É uma forma de chamar a atenção.


----------



## Mangato

No galego, não sei se no português, *ó*, e uma forma de reforçar o imperativo e  os iterrogativos.  

_Sai daí, o.  Tampouco sei se vai acentuado ou não_

_Que estás a facer, o?_


----------



## MOC

Sim Mangato. Em Portugal também. Em português iria acentuado.


----------



## Mangato

MOC said:


> Sim Mangato. Em Portugal também. Em português iria acentuado.


 
Obrigado MOC.  Agora tenho que pesquisar se no galego se leva acento ou não.  Achei as duas formas


----------



## nilon

Oi gente, eu queria saber se da para traducir a firmeza como uma qualidade pessoal para o espanhol, com alguma giria no outro idioma. 
Eu estava vendo um documentário que se chama _Pixo_ (tem aí no vimeo online acredito), que é sobre as pixações, as intervenções urbanas da gente da periferia na cidade de São Paulo. Alguns no documentário falam que são vándalos os que fazem pixação, que são criminosos mesmos. E outro fala o seguinte:

"não sao todos que vão para o crime, não. *pessoal firmeza*, gente boa"

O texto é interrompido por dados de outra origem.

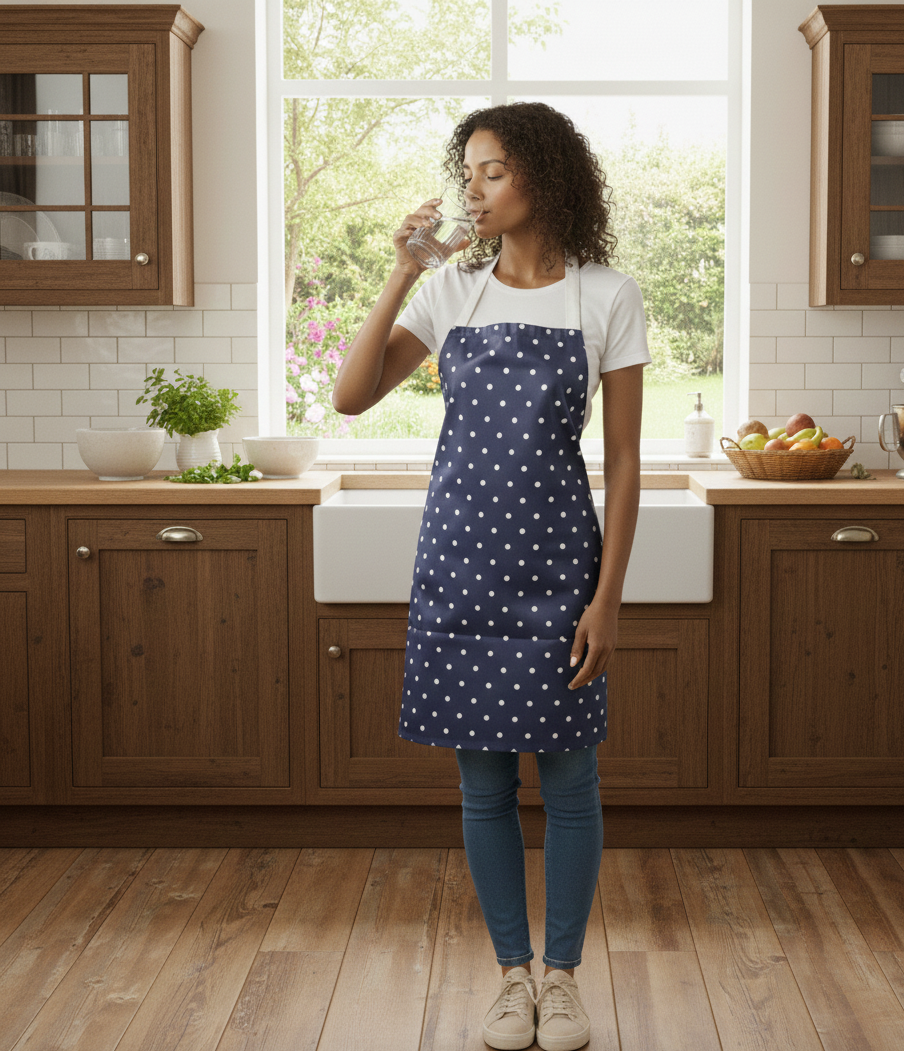 Dotty Denim Polka Dot Oilcloth Wipe Clean Apron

Aí eu entendo perfeitamente o que quer dizer, queria saber se alguem poderia por gentileza me ajudar na tradução para o espanhol. Se acham?


----------



## Alandria

No son todos que se convierten al crimen. Hay gente digna, y buenas personas


----------



## zema

En realidad la frase es más larga; está hablando ahora un _pichador_  (min. 34.16 aproximadamente, menos mal que está bueno el video ):


> _"__…levo a pichação como uma coisa maravilhosa, uma coisa que está aumentando meu quadro de amigos, pessoal firmeza, gente boa.__"_


  En argentinés informal creo que podrías decir: _...buena gente, macanuda*_

  (*)Bueno, _macanudo/a_ está bastante pasado de moda, pero no se me ocurre ahora algo más actual con ese sentido.


----------



## Alandria

Lembrando que "firmeza" é muuuuito paulista, não se usa essa palavra em muitas partes do Brasil. Eu diria "maneiro".


----------



## mexerica feliz

Alandria said:


> Lembrando que "firmeza" é muuuuito paulista, não se usa essa palavra em muitas partes do Brasil. Eu diria "maneiro".



Maneiro é gíria carioca.
Nunca ouvi usada pelos capixabas, nem mesmo por minha amicíssima Elisa Lucinda.
Os capixabas falam _massa_.

Decida de onde você realmente é, de Barra Mansa (poooooooouco provável), Vitória (capixaba você, nem morta, viu!?) ou de Vila Nova da Gaia (muito provável, mó bonita cidade por sinal).


----------



## zema

mexerica feliz said:


> Os capixabas falam _massa_.


Eso me hizo acordar a _"una masa__"_ que hoy en día se escucha mucho por acá, y podría reemplazar a _"macanuda"_:

_...buena gente, una masa_


----------



## nilon

Excelente! Creo que "una masa" aplica más bien a ciertos lugares en que se habla español, pienso en Argentina.
 Pero eso es lo que pregunté, sobre formas informales de decir "firmeza" así que gracias. También en portugués se dice "muito massa".


----------